Właściciele Legii są z losowania zadowoleni. „Rado zawsze chciał grać rewanż w Amsterdamie, no to ogarnęliśmy to (z pewnym opóźnieniem). Teraz poprowadzi nas do zwycięstwa” - zapowiada na Twitterze Maciej Wandzel. „Dobre losowanie. To okazja zrewanżować się naszym kolegom z Amsterdamu i umożliwić kibicom zobaczenie meczu z Ajaxem przy pełnym stadionie” - dodaje Dariusz Mioduski. „Jak się chce grać w finale to trzeba wygrać z Ajaxem” - podkreśla z kolei Bogusław Leśnodorski.

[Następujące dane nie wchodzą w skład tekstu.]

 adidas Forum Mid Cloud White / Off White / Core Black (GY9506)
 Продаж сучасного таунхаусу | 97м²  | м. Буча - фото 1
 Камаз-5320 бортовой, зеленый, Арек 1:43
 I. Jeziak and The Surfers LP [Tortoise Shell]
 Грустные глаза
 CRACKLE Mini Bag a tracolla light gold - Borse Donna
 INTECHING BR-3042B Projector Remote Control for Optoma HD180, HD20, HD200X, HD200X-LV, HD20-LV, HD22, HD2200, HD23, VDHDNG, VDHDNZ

- Po meczach okaże się, czy to było dobre losowanie. W tej fazie rozgrywek są tylko znakomite drużyny. Ale my jesteśmy zupełnie innym zespołem niż wcześniej. Doświadczenie zdobyte w Lidze Mistrzów pozwala nam z optymizmem patrzeć w przyszłość - uważa Magiera.

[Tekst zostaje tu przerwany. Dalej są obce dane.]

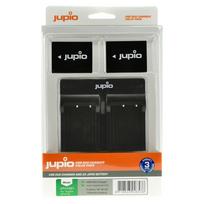 Jupio Kit: 2x Battery NP-W126 + USB Duo Charger
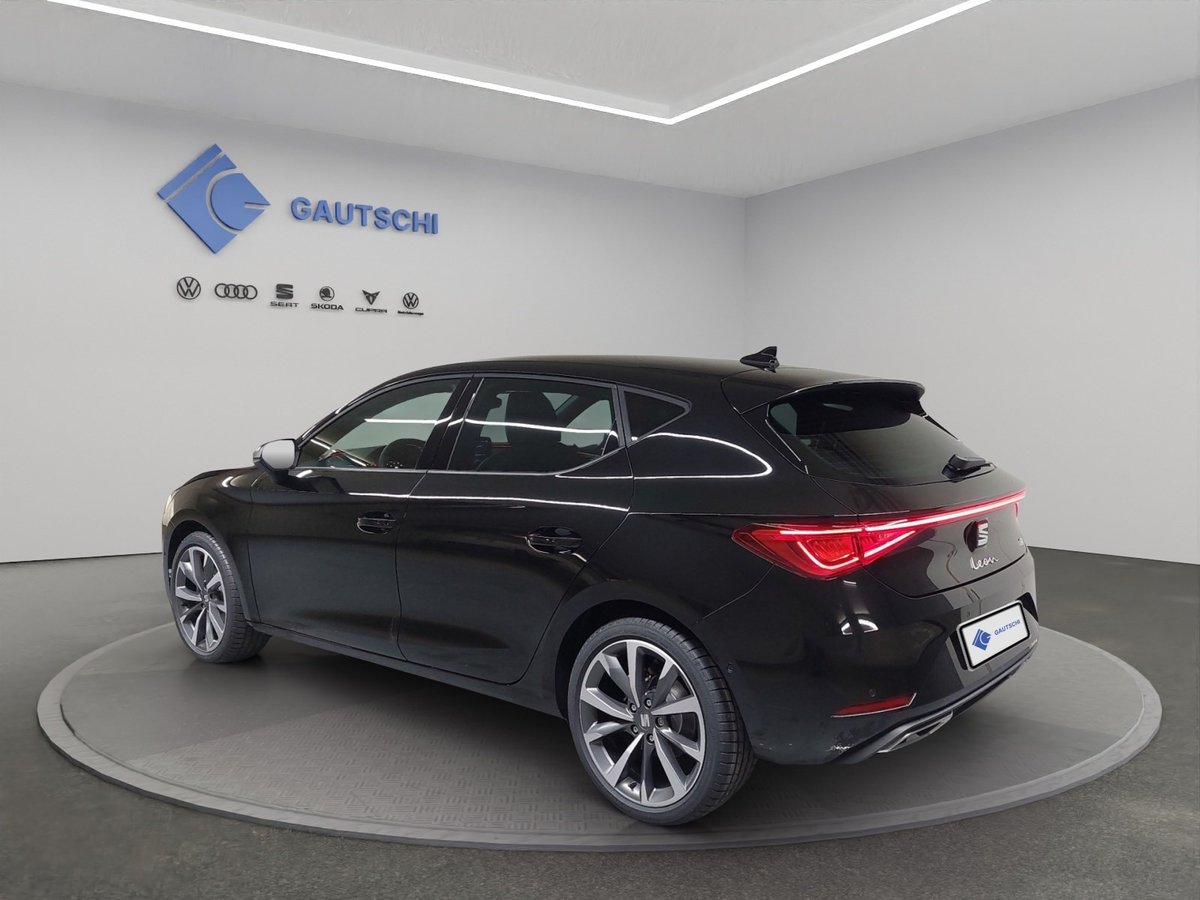SEAT Leon 1.5 eTSI mHEV DSG Move FR, Mild-Hybrid Benzin/Elektro, Occasion / Gebraucht, Automatik - 3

Ajax wydaje się słabszym zespołem niż dwa lata temu. Z klubu odeszli m.in. Arkadiusz Milik (Napoli, 32 mln euro), Jasper Cillessen (Barcelona, 13 mln) i trener Frank de Boer (zastąpił go Peter Bosz. Jako wicemistrz Holandii pucharową rywalizację zespół rozpoczął od III rundy kwalifikacji do LM. Po wyeliminowaniu PAOK-u Saloniki (1:1 i 2:1) w kolejnej rundzie zbyt mocny okazał się jednak FK Rostów (1:1 i 1:4).
Lepiej poszło ekipie Bosza w fazie grupowej Ligi Europy. Ajax nie przegrał żadnego meczu (2:1, 2:0 z Panathinaïkósem, 1:0 i 1:1 z Liège, 2:2, 3:2 z Celtą Vigo). W Eredivisie zespół zajmuje obecnie drugie miejsce. Po 16 kolejkach ma na koncie 11 zwycięstw, trzy remisy i dwie porażki. Z 36. punktami Ajax traci trzy do liderującego Feyenoordu i ma taką samą przewagę nad ścigającym go PSV.

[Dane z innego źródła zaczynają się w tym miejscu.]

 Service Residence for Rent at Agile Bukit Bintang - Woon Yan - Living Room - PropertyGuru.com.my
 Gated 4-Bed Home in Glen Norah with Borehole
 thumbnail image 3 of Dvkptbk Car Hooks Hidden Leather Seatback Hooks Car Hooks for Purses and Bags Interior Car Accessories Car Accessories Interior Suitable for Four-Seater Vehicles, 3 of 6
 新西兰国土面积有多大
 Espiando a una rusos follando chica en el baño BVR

Kibice zastanawiają się, czy Legii uda się zatrzymać zimą najlepszych piłkarzy. O planach odejścia głośno mówi Nemanja Nikolić, duże zainteresowanie na rynku transferowym budzi też Vadis Odjidja-Ofoe. - Teraz nie jestem w stanie odpowiedzieć na pytanie o transfery. Na razie żaden z zawodników nie odszedł. 19 grudnia spotkamy się z prezesem, dyrektorem sportowym i działem skautingu. Wtedy zapadną ostateczne decyzje - tłumaczy Magiera.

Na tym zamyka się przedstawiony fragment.